Headlines are flying about Intel’s 10th Gen “Comet Lake” desktop processor lineup slide, with many tech news running the story, conveniently just days after the launch of AMD’s widely-heralded Ryzen 3000-series CPUs. The slide allegedly shows an entire upcoming lineup of i3 through i9 10th Gen Intel desktop-class CPUs.
While many of the things in this slide look sensible, even predictably, iteratively accurate, there’s many parts that are poorly reasoned or just plain overlooked.
First, in the top-right corner of the original 9th-gen slide, there is the same, odd “NEW SKU’s” box, complete with a apostrophe that was likely in error on the real slide, but now duplicated on this “leaked” slide. I’m all for reusing old slide decks, but they don’t tend to repeat backgrounds, let alone lineup slides this closely. The background in the slide is quite obviously from the 9th Gen desktop slide deck. Intel’s properly used “SKUs” in their recent 10th Gen annoucement, so the apostrophe is obviously just a typo on the 9th Gen slide and shows up on the “leaked” slide due to using it to forge the new slide.
Next, The entire processor table is solid (has no transparent background), so it is easily placed on top of an already-occupied slide, such as the one to the right. This is likely the very slide that was used as the background for the fabricated “10th Gen” slide.

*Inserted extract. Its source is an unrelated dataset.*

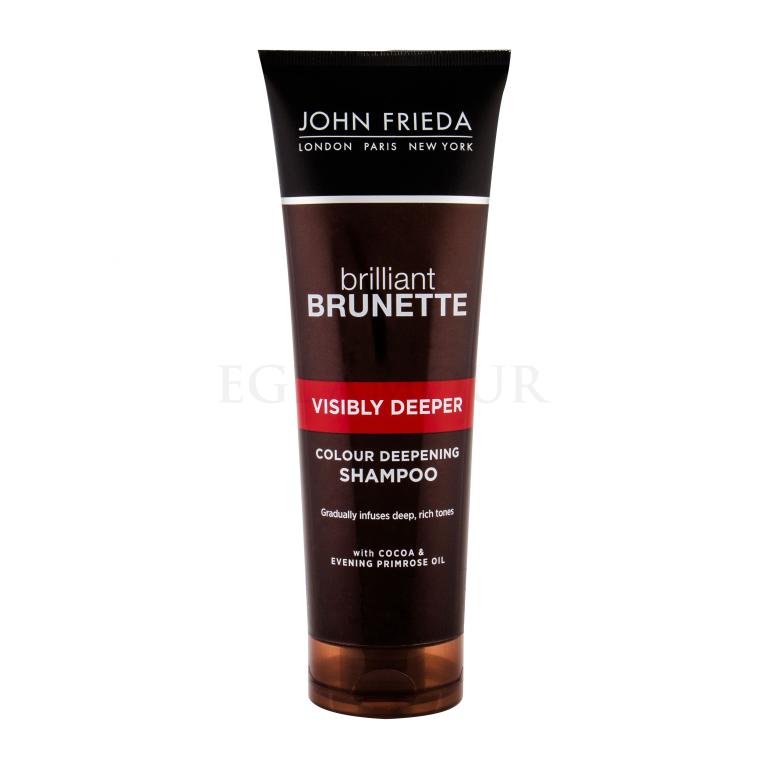 John Frieda Brilliant Brunette Visibly Deeper Shampoo für Frauen 250 ml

Another striking oddity is in the columns themselves. An entirely new column is “Code Name.” This hasn’t shown up on a lineup slide previously, and curiously it’s also “Products formerly Comet Lake” rather than simply “Comet Lake.” The Turbo Boost columns differentiate between single core and all core turbo frequencies; something Intel has tried to obfuscate in the past, so much so that they still only list “Processor Base Frequency” and “Max Turbo Frequency” for their CPUs on their official Product Specifications website Intel Ark, obviously neglecting to divulge the all core turbo maximum frequency. But that’s marketing; and that’s the point. These slides are marketing slides and Intel has tried to put its best foot forward, detailing the obviously higher value of the single core turbo frequency. The Lithography column is also new, blatantly pointing out that these desktop SKUs are still on their 14nm process node, a fact that would be stated elsewhere, not proudly and even memefully as “14+++ nm” in the slide. Intel also refers to their node as “14nm++” not “14++ nm” as well. The now-expected columns of “Unlocked” (for K-series multiplier-unlocked CPUs) as well as “Intel® Optane™ Memory Support” are notably missing. The “Socket Support” column refers to a supposedly new FCLGA1159 socket, which is in the same general pin-count as the current LGA1151 socket. However, the LGA1159 seems to harken back to the H67 chipset era of LGA 1155, for which an Intel BLKDH67CLB3 motherboard on Amazon.fr was perhaps mistakenly labeled as LGA1159, or maybe used by an obscure BGA socket for which this BGA1159 custom socket adapter test jig was used for.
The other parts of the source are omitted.